To test the effects of fenbendazole on tumour growth in mice, researchers administered the drug orally and measured tumor volume each day until it reached a threshold volume. They then compared the growth of tumors in fenbendazole-treated mice to those in non-treated mice. The results showed that fenbendazole reduced the rate of growth of EMT6 tumors in mice.

Inhibition of cell apoptosis

In cell cultures, fenbendazole can cause cell apoptosis by blocking cellular respiration and inhibiting the production of mitochondrial ATP. This is due to the drug’s binding to the NADH-cytochrome oxidase complex. It also reduces glucose uptake in cancer cells by downregulating what are known as GLUT transporters. In addition, fenbendazole may kill cancer cells by inhibiting the action of a protein called AMPK. The drug is also able to inhibit the formation of reactive oxygen species in the cytoplasm.

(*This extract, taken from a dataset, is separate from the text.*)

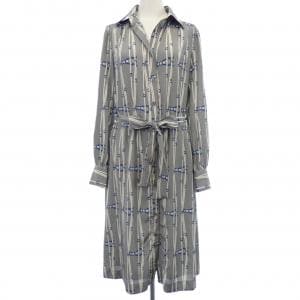 アイシービー ICB ワンピース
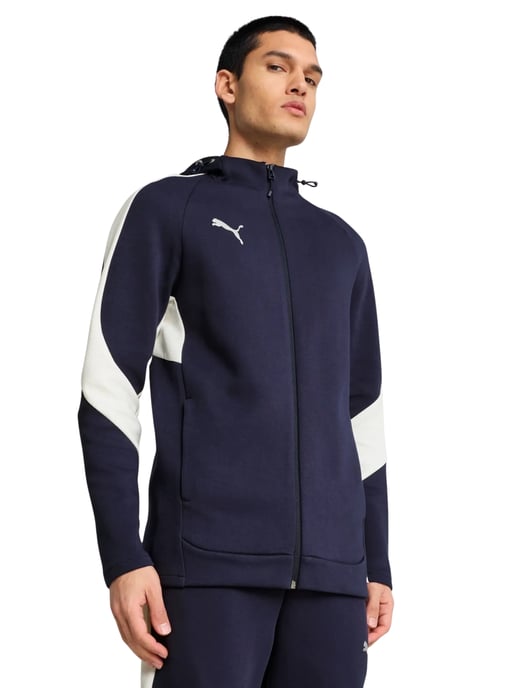 Puma-jas - Image 3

It isn’t clear if fenbendazole will help to treat human cancers, but it can slow down the growth of tumors in animals and cells. However, it doesn’t seem to have any effect on recurrence in people with existing cancers. While anthelmintics have potential as cancer treatments, they must undergo rigorous clinical trials to be proven effective.

The TikTok post also claims that fenbendazole kills cancer cells “unlike your other NHS shit that just makes them lay dormant/sleep untill [sic] they are ready to wake back up”. This is false because there is no evidence that fenbendazole can cure cancer in humans. Specialist cancer information nurses have said that there is insufficient evidence to suggest that this treatment would be effective. The post also doesn’t account for the fact that Tippens had other conventional cancer treatments, such as immuno-cancer therapy, that might have contributed to his remission.